### [What is expected]
Could you transcribe each entry below exactly, minus the images?

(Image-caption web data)
┏━━
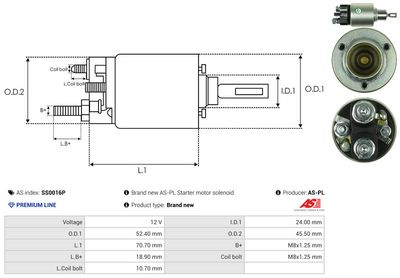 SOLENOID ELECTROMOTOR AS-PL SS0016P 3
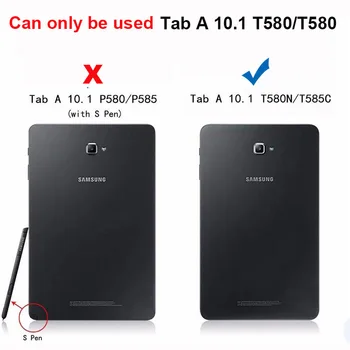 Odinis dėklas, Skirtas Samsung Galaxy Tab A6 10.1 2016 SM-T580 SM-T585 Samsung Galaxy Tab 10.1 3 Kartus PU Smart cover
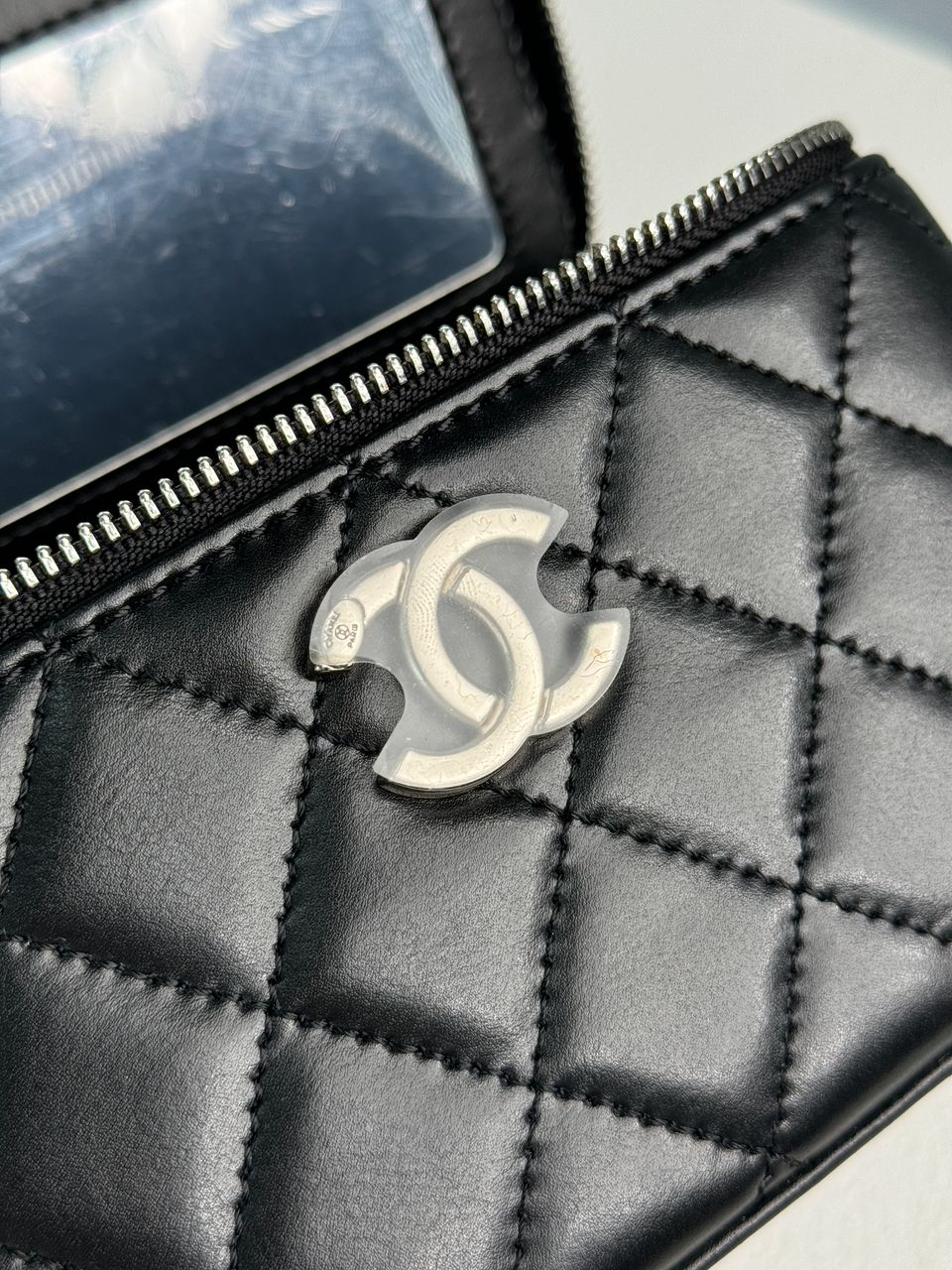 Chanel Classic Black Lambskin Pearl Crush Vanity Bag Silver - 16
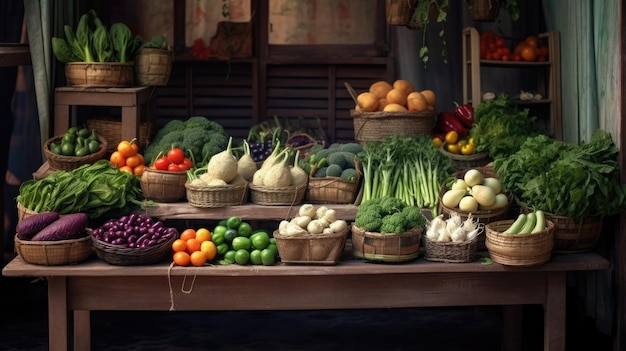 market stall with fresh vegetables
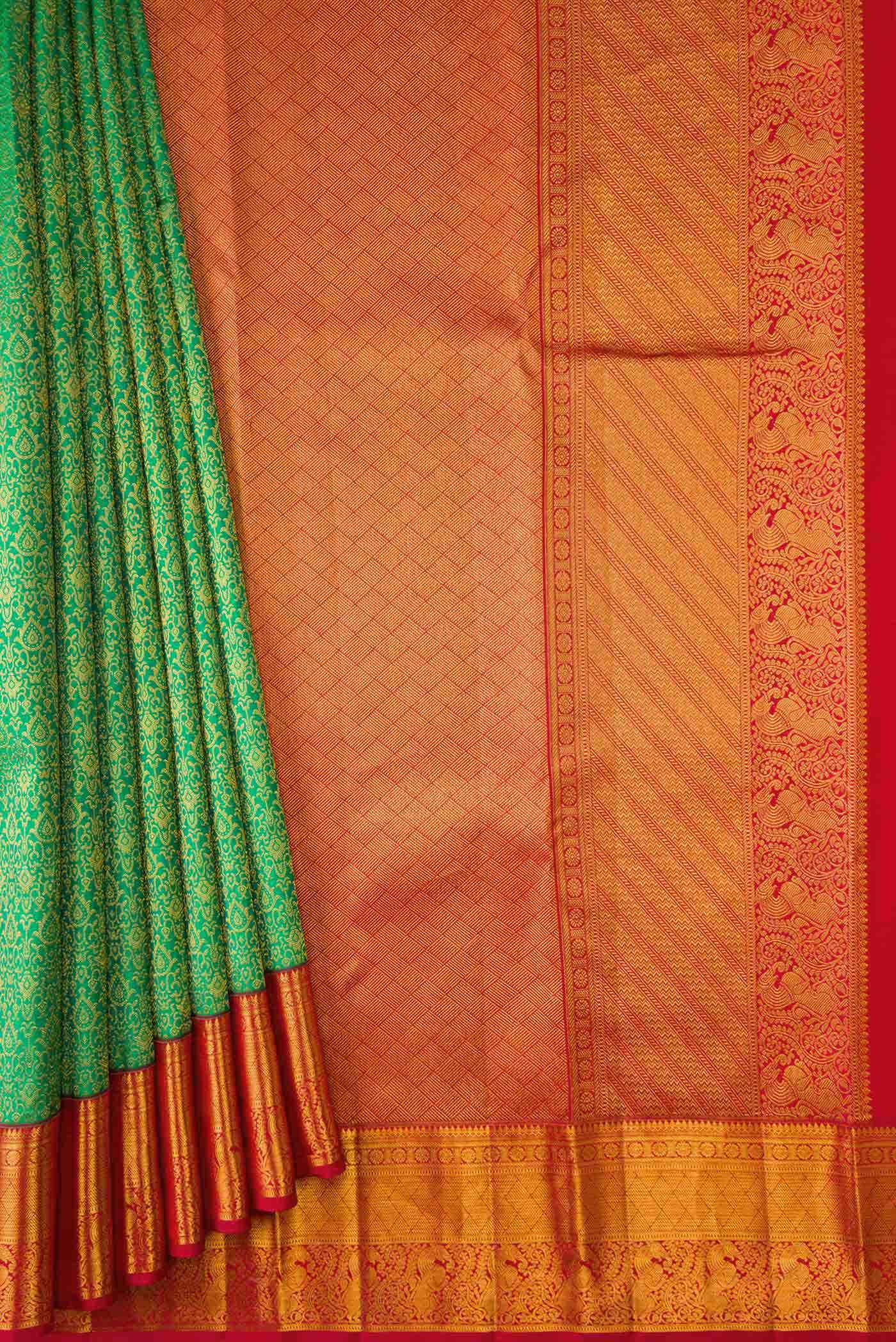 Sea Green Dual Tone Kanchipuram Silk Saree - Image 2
┗━━
### [Written answer]
 SOLENOID ELECTROMOTOR AS-PL SS0016P 3
 Odinis dėklas, Skirtas Samsung Galaxy Tab A6 10.1 2016 SM-T580 SM-T585 Samsung Galaxy Tab 10.1 3 Kartus PU Smart cover
 Chanel Classic Black Lambskin Pearl Crush Vanity Bag Silver - 16
 market stall with fresh vegetables
 Sea Green Dual Tone Kanchipuram Silk Saree - Image 2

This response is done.